## Source material
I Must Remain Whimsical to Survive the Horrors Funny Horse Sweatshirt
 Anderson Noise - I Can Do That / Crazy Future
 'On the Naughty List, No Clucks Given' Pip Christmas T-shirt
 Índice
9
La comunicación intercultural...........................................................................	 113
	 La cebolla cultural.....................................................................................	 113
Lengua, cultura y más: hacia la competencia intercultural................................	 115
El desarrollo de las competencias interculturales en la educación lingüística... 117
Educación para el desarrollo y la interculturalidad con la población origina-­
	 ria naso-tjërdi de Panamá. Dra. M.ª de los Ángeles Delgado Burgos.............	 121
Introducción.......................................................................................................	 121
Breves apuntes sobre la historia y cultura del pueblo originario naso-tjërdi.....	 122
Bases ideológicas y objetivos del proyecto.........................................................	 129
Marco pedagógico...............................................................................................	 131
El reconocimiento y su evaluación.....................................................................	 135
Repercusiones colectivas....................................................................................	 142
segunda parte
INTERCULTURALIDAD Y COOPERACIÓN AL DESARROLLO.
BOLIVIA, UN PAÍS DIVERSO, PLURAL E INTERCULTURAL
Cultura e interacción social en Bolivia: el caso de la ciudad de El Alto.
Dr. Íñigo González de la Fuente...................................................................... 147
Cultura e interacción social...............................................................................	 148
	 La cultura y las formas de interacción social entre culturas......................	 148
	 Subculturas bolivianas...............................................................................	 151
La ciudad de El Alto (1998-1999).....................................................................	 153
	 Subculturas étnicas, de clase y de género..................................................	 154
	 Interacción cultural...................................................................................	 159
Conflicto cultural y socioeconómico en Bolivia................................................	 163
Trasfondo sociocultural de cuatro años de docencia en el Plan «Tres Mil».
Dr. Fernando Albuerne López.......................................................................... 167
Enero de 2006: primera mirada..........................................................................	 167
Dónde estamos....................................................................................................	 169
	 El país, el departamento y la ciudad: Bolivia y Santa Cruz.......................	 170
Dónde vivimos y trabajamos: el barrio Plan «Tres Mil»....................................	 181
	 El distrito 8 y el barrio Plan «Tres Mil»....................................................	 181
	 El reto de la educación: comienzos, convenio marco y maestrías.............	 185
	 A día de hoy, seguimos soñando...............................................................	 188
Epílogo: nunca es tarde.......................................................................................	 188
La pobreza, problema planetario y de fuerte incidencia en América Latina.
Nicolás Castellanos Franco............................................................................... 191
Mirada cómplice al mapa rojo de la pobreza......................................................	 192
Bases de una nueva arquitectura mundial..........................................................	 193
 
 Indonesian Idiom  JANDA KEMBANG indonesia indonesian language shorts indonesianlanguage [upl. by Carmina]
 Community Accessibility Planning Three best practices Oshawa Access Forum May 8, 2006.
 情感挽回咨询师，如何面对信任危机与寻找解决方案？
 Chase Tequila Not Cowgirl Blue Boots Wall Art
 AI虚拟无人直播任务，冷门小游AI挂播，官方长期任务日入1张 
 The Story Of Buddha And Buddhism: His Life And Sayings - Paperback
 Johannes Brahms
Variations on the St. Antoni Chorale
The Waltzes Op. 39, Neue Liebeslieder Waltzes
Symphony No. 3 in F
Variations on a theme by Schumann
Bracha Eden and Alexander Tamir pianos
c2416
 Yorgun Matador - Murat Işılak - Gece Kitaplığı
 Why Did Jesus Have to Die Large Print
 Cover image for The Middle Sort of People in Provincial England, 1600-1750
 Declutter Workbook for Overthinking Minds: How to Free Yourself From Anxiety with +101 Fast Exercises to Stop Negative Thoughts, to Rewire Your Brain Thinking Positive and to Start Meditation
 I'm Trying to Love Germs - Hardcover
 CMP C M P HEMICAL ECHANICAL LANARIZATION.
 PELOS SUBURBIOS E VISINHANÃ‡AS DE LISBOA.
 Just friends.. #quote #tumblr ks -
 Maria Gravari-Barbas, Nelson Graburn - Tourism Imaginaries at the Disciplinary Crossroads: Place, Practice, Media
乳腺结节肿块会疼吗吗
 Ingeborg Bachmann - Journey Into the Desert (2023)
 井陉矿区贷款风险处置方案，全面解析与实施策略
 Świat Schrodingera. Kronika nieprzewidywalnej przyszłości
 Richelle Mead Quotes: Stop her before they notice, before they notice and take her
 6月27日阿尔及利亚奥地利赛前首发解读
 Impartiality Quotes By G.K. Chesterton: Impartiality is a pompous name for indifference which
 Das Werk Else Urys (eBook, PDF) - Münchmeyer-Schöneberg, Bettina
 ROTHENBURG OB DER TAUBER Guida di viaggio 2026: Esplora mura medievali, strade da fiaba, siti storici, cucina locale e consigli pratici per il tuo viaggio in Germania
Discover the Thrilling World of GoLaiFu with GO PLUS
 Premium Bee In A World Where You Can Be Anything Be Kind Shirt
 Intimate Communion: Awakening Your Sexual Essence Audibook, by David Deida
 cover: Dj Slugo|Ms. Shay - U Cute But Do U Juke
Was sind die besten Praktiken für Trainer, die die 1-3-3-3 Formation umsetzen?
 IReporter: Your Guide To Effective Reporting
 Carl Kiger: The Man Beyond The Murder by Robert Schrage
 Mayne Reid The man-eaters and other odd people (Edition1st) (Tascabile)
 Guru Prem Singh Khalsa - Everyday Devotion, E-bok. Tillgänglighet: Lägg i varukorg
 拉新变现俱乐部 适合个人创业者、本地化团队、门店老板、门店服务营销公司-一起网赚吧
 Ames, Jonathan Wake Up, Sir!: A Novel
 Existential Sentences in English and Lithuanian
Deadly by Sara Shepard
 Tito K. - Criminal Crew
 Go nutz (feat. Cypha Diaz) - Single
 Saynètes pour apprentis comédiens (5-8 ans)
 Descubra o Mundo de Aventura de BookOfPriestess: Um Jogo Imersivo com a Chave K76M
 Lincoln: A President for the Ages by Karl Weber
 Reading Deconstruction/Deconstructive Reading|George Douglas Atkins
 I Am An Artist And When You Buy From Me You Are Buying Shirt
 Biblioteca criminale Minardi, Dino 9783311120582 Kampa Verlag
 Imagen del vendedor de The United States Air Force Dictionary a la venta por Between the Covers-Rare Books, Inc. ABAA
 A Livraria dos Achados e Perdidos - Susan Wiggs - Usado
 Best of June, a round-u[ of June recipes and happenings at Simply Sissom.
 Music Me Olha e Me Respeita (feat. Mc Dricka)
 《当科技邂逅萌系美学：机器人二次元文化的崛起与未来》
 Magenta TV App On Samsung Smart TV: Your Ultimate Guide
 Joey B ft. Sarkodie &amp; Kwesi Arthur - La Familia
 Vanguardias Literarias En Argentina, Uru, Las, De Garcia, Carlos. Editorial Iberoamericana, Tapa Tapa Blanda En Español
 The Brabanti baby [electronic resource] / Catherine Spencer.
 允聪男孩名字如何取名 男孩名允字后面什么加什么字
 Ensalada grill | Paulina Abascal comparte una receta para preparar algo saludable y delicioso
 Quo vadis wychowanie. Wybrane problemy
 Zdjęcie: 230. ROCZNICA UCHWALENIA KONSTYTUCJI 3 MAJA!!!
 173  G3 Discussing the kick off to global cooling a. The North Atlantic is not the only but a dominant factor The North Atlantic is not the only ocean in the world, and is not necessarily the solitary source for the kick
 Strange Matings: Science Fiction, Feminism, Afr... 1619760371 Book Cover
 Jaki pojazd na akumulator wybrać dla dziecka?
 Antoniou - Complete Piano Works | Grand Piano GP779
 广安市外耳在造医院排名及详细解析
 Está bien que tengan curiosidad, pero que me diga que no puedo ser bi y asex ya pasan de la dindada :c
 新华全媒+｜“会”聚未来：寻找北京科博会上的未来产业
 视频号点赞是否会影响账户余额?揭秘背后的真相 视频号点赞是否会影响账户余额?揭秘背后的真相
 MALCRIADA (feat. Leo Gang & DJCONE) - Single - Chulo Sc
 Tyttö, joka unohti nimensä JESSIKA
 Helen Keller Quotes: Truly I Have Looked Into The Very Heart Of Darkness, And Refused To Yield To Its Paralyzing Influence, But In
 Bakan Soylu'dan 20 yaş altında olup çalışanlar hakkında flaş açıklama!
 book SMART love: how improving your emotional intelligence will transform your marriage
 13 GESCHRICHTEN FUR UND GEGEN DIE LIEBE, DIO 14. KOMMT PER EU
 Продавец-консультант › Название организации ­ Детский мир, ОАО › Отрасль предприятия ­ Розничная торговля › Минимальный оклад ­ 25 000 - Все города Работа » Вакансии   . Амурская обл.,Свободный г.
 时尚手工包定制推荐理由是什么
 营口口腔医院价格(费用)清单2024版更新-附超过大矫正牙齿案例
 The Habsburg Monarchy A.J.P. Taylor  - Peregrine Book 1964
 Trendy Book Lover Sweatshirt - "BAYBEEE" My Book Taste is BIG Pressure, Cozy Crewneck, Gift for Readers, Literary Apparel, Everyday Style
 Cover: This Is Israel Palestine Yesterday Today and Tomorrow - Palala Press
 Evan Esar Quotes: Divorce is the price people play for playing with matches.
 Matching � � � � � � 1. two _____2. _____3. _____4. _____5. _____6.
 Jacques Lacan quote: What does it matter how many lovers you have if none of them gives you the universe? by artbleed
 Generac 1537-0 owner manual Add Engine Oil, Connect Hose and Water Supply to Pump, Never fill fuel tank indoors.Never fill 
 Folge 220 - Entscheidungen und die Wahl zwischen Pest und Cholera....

## Aim of the exercise
The response must contain each line above that holds the string "social".

## Answer to this problem
Cultura e interacción social en Bolivia: el caso de la ciudad de El Alto.
Cultura e interacción social...............................................................................	 148
	 La cultura y las formas de interacción social entre culturas......................	 148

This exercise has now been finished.